Where to put this? I guess "Arts & Entertainment" is the closest. Sports are played for our entertainment (and to enrich the athletes).
Simone Biles pulled out of the Olympics today. Said it was so stressful it wasn't fun anymore.
I say, "Good for her." Sports stars tend to get laser-focused on their training and performance, and forget to have a life. Listen to the testimony of Michael Phelps, who basically said, when he retired from swimming, that he'd never done anything else in his life but train. After retiring he was adrift at sea and went into a deep depression.
Look at Bruce Jenner!
Simone says she was inspired by Naomi Osaka who pulled out of the Wimbleton finals because it was too much pressure. Good for her too.

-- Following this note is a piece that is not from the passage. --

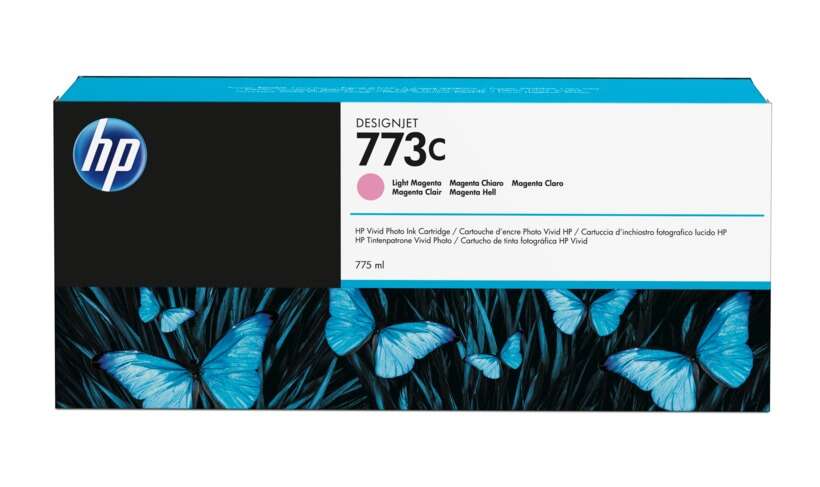CARTUCHO ORIGINAL HP 773C Magenta Light Cartucho de Tinta Original - C1Q41A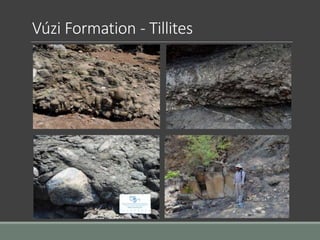 Vúzi Formation - Tillites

Yesterday Kristian Blummenfelt won the triathlon for Norway. As he was running the final leg, the commentators focused on the fact that he trains eight hours a day, seven days a week, 365 days a year. He has no life. Thank FSM he won the event, or all that would have been for naught. But now what does he do?
There's a certain romanticism about becoming the world's best at something -- that's what causes all sorts of losers to make up weird Guinness competitions -- but really, it's a huge waste of one's life. After your event -- assuming you ARE the winner and not one of the 2,344 losers -- who's gonna remember your name? Who's gonna sponsor a guy who pogo-sticks across Australia, or walks from Florida to New York inside a hamster wheel? Is it worth giving up your life to be a statistic in some book nobody reads?
Sports should be kept in perspective. They're entertainment, they're exercise, they're supposed-to-be friendly competition. (I'm talking individual sports here, not the huge corporation team sports that generate billions of dollars for the owners.)
And the Olympics should be about athletes competing as individuals. Not as countries.